Robot print dress
Printed matte jersey, Perspex, belt buckle by C&N
Jean Muir Ltd, London, UK
Design
Fashion! I hate the word… It is better used as a verb, not a noun: to fashion, to make, to craft, the art of making, which implies craft and skill.
Jean Muir
Having learned her trade visiting couture shows as a designer at Jaeger, Jean Muir set out to make clothes that had a couture cut and feel, but that would be straightforward to manufacture. By her own account, she was not so much interested in clothes as she was endlessly fascinated by the craftsmanship involved in the making of them.
Muir used prints to add a vibrant, unique quality to new collections. She wasn’t afraid to inject humour into her designs and her prints were often quirky, with designs ranging from abstract shapes to dragonflies and whimsical clowns. Muir often sourced designs from Liberty of London’s archive or specially commissioned them from British and French printmakers.
Former editor of British Vogue Beatrix Miller called Jean Muir the ‘English Vionnet’, likening her work to that of the respected French couturière Madeleine Vionnet, who was credited with pioneering the bias cut. The eminent fashion journalist Suzy Menkes believed that Jean Muir clothes were ‘bought by women who were self-confident.’
Who wore it
Dutch actress Britt Eckland wears a Muir crepe wrapper-coat for Vogue

British fashion designer Mary Quant recognised the timeless quality to Muir’s work, explaining that ‘she made the most extraordinary, fluid and incredible dresses. One of the things that occurred to me is that people will go on wearing those dresses for years and she must have realised that.’ She was simultaneously hailed in the UK as the new Chanel and in Paris as ‘la Reine de la Robe’ – the queen of the dress.
Craft Skills
Viscose matte jersey featured frequently in Jean Muir’s collections from 1968 on and became one of her signature materials. Muir enjoyed its qualities as a fabric which doesn’t have to be hand-sewn or lined, or the edges bound to neaten them. Jersey can be given an extraordinary architectural structure despite its supple qualities.

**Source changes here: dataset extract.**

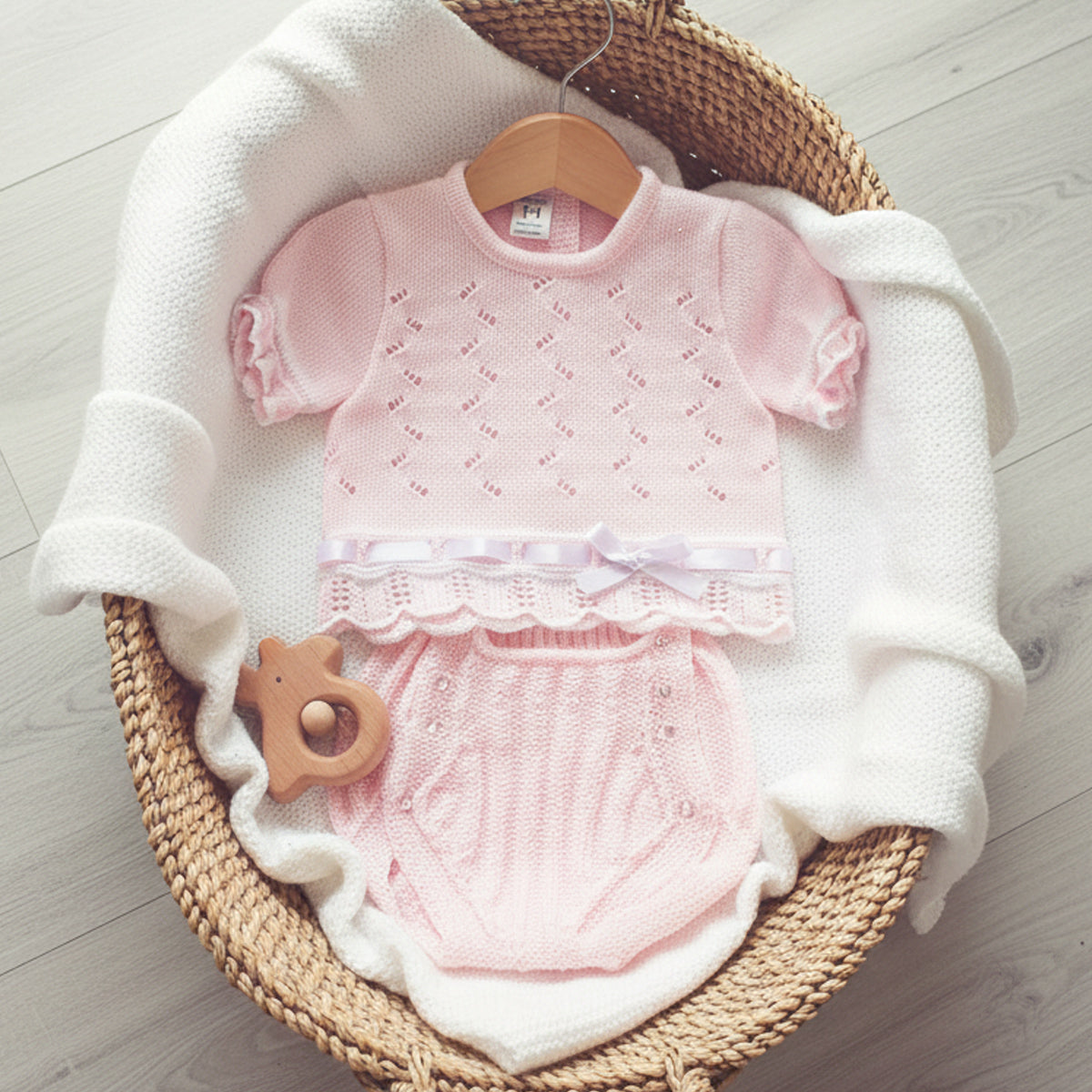 Conjunto Bebé de Punto LA CASITA - Rosa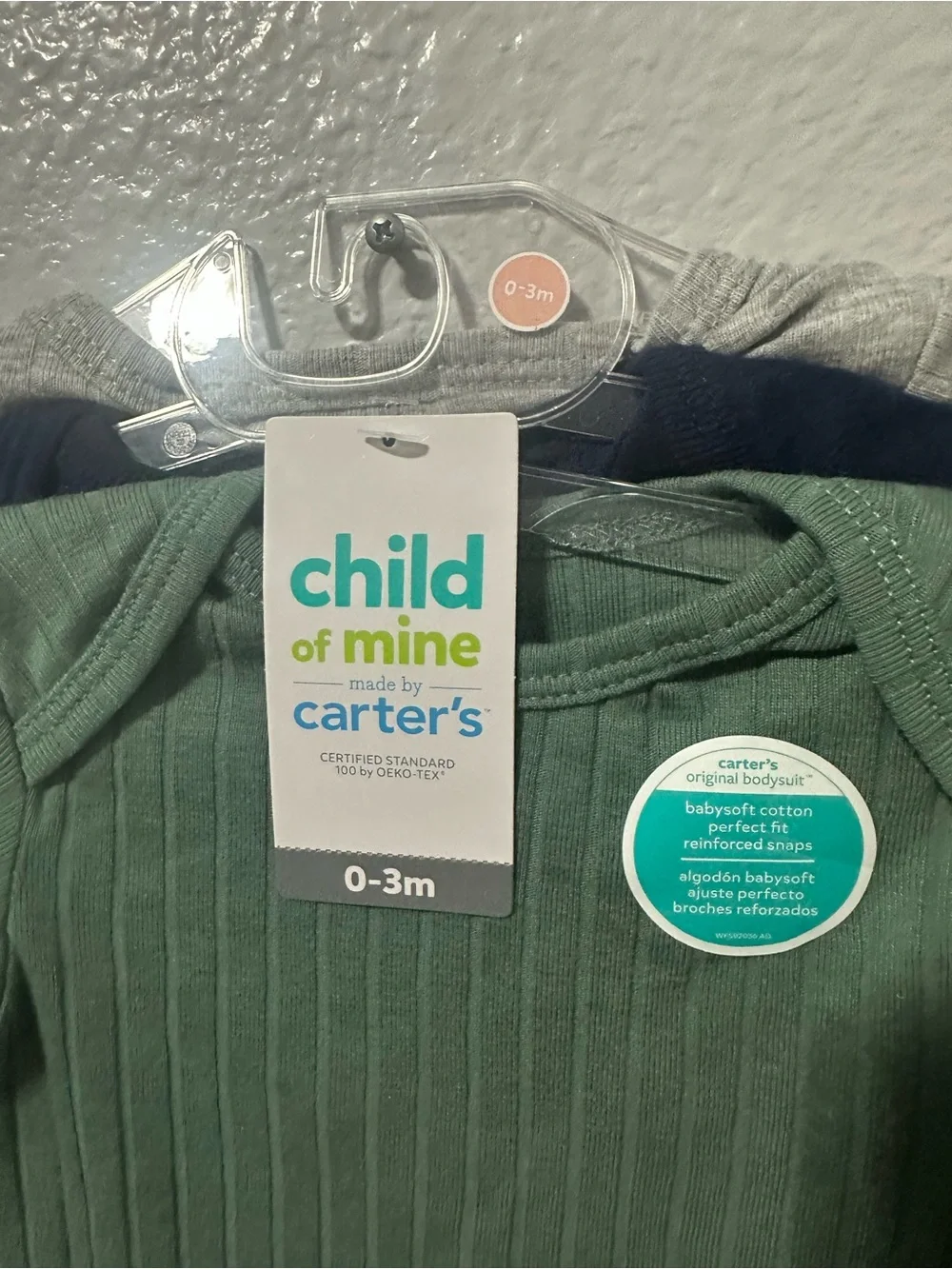 Carter's Ribbed Long-Sleeve One-Piece in Sage Green (3-Pack)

Muir’s printed textiles were tailored with particular care, so that her fabrics and shapes would work in harmony. She favoured subtle patterns on matte jersey as she thought excess pigment destroyed a fabric’s texture. She often carried characteristic details of each season’s designs across the collection and this Robot print featured in a number of viscose matte jersey dresses from the Spring/Summer 1980 collection.